A pay deal has been signed between the union representing primary and intermediate teachers and the Government to introduce an allowance for 800 expert teachers worth $4 million, the start of performance pay.
Principals will endorse teachers who meet a set of criteria judged against the New Zealand curriculum and they will be assessed by a panel of people who are yet to be decided.
The union, New Zealand Educational Institute, say they took the idea of an allowance to reward experienced teaching staff to the Education Ministry in its pay negotiation round, asking for as many allowances as possible.
Its Primary Teachers Collective Agreement was fully ratified with the ministry on June 7, after long negotiations.
The "advanced classroom expertise teacher allowance" was agreed to by the ministry, but was capped at 800 eligible teachers.
By 2015, 800 teachers across 2000 primary and intermediate schools will be paid an allowance of $5000 a year - worth $4 million.
The allowances will be contestable - if a teacher stops meeting the criteria or leaves the school it will stop.
The union would ask for more allowance in the next pay negotiations.
NZEI's president Judith Nowotarski confirmed the new bonus scheme was the union's idea and she could see how it looked like the start of performance pay in the education sector in New Zealand. "It's difficult because there's a number on it.
"I think it could look like performance pay if you don't take into consideration the development behind it and its intent."
She also confirmed new and entry-level teachers could take a cut, receiving lower pay scale increases.
"In negotiations compromises have to occur."
Teachers on the primary and intermediate entry-level pay rates (scales 1 to 7) received on average a 1.2 per cent pay increase in the latest settlement.
Mrs Nowotarski said the type of teachers eligible for the allowance would be on scale 8 of the collective agreement, earning $57,306 and be experts in the classroom.
Teachers on the highest steps could apply for a $5000 allowance and in addition would get up to a 3 per cent pay increase.

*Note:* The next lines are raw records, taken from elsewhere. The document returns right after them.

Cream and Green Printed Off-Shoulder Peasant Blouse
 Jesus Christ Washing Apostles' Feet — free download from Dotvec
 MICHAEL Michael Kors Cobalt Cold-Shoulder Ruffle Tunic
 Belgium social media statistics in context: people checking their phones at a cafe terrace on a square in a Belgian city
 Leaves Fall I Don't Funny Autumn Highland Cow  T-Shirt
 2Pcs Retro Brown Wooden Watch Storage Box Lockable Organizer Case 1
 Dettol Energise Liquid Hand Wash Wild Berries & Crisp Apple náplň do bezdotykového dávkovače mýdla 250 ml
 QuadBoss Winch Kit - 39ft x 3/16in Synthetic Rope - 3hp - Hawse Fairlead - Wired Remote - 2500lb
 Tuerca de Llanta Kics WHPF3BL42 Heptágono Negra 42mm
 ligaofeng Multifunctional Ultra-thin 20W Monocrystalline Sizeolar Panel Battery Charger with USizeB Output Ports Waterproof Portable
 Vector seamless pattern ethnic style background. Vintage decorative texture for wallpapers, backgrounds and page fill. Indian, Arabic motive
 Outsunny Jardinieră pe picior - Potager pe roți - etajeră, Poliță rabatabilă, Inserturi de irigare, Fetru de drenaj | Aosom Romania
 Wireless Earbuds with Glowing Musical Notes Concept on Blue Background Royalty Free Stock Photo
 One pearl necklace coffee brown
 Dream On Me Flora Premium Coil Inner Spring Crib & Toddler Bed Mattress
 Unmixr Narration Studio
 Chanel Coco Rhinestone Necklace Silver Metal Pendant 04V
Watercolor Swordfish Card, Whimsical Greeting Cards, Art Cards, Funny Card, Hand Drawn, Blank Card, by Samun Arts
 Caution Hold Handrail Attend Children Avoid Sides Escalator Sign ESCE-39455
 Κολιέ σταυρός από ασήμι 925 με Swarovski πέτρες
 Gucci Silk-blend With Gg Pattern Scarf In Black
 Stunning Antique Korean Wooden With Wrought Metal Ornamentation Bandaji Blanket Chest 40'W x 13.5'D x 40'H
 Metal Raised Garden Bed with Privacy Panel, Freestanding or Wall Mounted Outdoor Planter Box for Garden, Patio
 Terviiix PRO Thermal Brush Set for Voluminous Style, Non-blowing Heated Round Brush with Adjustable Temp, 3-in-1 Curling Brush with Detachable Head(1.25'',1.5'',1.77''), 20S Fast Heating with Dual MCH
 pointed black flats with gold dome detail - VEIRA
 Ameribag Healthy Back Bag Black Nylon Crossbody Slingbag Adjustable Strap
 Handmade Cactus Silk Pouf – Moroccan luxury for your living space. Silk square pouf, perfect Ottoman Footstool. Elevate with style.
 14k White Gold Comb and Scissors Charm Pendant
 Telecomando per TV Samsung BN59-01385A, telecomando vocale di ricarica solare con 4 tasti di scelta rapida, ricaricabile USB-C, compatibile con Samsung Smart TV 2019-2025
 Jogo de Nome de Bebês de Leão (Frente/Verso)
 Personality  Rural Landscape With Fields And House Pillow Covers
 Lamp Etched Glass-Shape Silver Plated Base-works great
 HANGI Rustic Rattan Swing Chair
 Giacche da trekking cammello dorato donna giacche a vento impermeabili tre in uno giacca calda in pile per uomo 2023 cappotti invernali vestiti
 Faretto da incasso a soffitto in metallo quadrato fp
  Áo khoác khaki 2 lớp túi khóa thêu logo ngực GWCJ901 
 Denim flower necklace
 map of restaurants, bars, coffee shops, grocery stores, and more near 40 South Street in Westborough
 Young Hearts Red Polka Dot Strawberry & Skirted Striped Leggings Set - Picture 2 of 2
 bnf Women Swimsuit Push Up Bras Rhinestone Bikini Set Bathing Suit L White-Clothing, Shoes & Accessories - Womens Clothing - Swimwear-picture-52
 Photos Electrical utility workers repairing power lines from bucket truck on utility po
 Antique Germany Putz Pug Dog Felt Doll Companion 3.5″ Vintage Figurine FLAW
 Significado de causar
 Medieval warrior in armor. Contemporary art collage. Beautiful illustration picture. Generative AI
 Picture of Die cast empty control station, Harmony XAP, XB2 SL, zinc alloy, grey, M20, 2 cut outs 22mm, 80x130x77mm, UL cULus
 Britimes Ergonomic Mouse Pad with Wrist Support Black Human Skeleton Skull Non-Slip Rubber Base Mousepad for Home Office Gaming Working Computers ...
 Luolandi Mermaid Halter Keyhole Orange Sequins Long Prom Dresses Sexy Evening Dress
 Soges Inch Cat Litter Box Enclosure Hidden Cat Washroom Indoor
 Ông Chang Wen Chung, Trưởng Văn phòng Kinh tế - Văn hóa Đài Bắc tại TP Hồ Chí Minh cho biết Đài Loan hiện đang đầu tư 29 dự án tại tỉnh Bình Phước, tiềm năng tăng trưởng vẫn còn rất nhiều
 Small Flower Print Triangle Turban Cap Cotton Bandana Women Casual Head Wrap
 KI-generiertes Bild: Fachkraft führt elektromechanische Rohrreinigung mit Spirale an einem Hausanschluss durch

Mrs Nowotarski said most primary and intermediate teachers were on the higher levels of the collective agreement pay scale. She believed the union would not lose members over the perceived introduction of performance pay.
She said the union entered a long-term work programme with the ministry to work on improving career pathways for teachers in 2004.
A staff member at NZEI said its members would not see it as performance pay because teachers' achievement wouldn't be based on raw National Standards data.
Performance pay not always a success: union
Workers say they would put in the hard yards if their pay was linked to performance, but at least one union says money is not a magic bullet for higher productivity.
A global survey, which includes the view of 3500 New Zealand workers, has found almost half who are not on performance-based pay believe they would perform better if their earnings were linked to performance or productivity.
The Kelly Global Workforce Index questioned more than 120,000 employees from 31 different countries.
According to the survey, New Zealand has one of the lowest levels of performance-based pay in the Asia Pacific region.
Public Service Association national secretary Brenda Pilott said performance pay was used in local and central government during the late 1980s and 90s, and didn't work then. "It was presented as a way to reward effort and lift performance. What was not made explicit was that it was a way to contain salary costs and circumvent the collective bargaining process," she said. "We don't believe performance pay leads to improved performance - especially in the public sector - because . . . work is not profit-driven or influenced by things such as sales margins."